1.八王子学園八王子中学校とは?
1928年に設立された八王子学園八王子中学校。2016年に「東大・医進クラス」を開設し、学力養成に本腰を入れています。その結果、近年、東京大学などの国公立大学に多数合格しております。
国際教育に力を入れており、中学二年生までに簡単な日常英会話を習得出来る様にして、中学三年生の海外語学研修へと繋げています。高校生になってからは、選抜制でホームステイ経験が出来る取り組みが行われています。
2.八王子学園八王子中学校の入試傾向について
東大・医進クラス第一回の試験科目は、算数・国語・理科・社会の4科目、または算数・国語の2科目です。
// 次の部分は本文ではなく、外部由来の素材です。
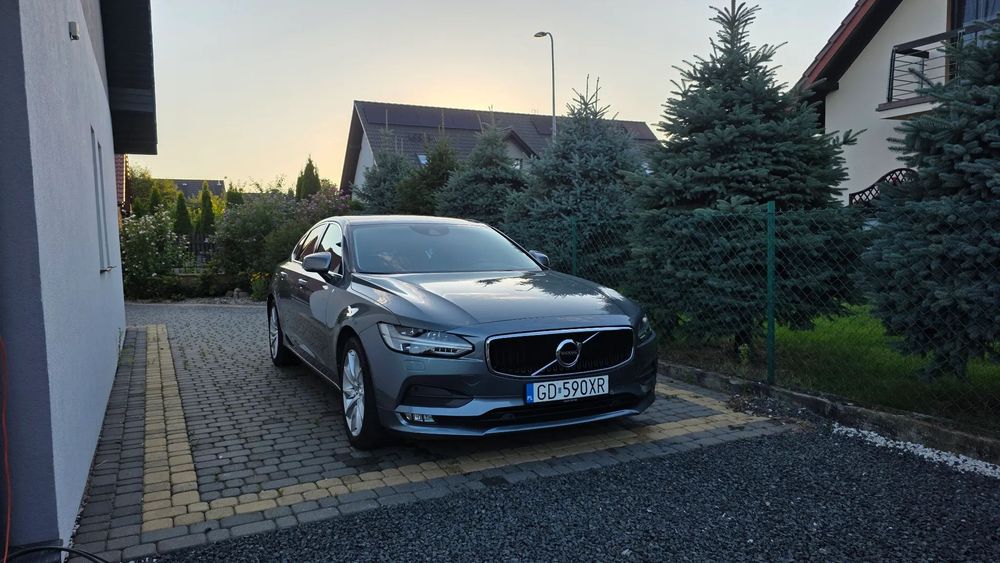 Volvo S90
試験時間は算数50分・国語50分・理科社会合わせて50分、配点は100点・100点・50点・50点となっています。
東大・医進クラス第2回・第3回の試験科目は、算数・国語の2科目です。 試験時間・配点は、上記の算数・国語と同様です。
東大・医進クラス第1回・第2回適性検査型の試験科目は、適性検査Ⅰ・Ⅱの二科目です。
試験時間は各々50分、配点はⅠが100点、Ⅱが200点です。
入試問題は、全体的に基本~標準的な問題ながらも、算数が図形を中心にやや難しめです。
また、国語の語彙・文法問題は特徴的ですから、しっかりと対策を行うと良いでしょう。
尚、本記事の入試問題傾向・対策につきましては、東大・医進クラス入試について、書かせて頂きます。
①算数
例年、大問5題の出題です。大問1番が計算問題と小問集合、大問2番が小問集合、3番以降が単元別の問題です。この傾向は回数によりません。
単元別の問題は、どの回数でも、数の問題・速さ・図形が頻出です。基本~標準的な問題が中心です。以下、特徴的な単元についてお話ししていきます。
数の問題は規則性・場合の数が頻出です。具体的に書き出して考えていくと状況が見通せる問題が出題されています。問題集で良く見る問題レベルですから、解き直しをしっかり行って解ける様にする事が大切です。
速さは、旅人算や水量グラフ、点の移動に関する問題が頻出です。比を用いて解く問題も多いですから、よく演習しておきましょう。生徒様自身でダイヤグラムや、グラフを書けるようになっておくと良いでしょう。
図形は、平面図形・立体図形どちらも出題されていますが。立体図形の方がよく出題されています。平面図形では、相似・面積・図形の移動に関する問題が、立体図形では体積の問題が頻出です。2024年度第1回では、大問5番で体積に関する問題が出題されました。少し難易度が高い問題でしたが、諦めずに良く考えて少しでも解けた生徒様と、全く解けなかった生徒様で差が開いたと考えられます。図形の大問は、全体の中では難しめになりがちですので、時間を多めに取って対策をした方が良いでしょう。
②国語
例年、大問4題の出題で、大問1.2番が文章題、大問3番が語彙・文法、大問4番が漢字の出題となっています。この傾向は回数によりません。 文章題は物語文・説明文各々1題ずつの出題です。語彙・接続詞・表現技法・抜き出し・正誤選択・記述問題など、満遍なく出題されています。
記述問題は複数出題されており、字数制限がない問題も出題されます。棒線部近くだけでなく、本文全体から考えて解答を導き出す問題もありますので、しっかりとした読解力・記述力が試されています。日頃から読書をして読解力をつける事、ポイントを外さずに論理的な文章が書けるように、練習をする必要があります。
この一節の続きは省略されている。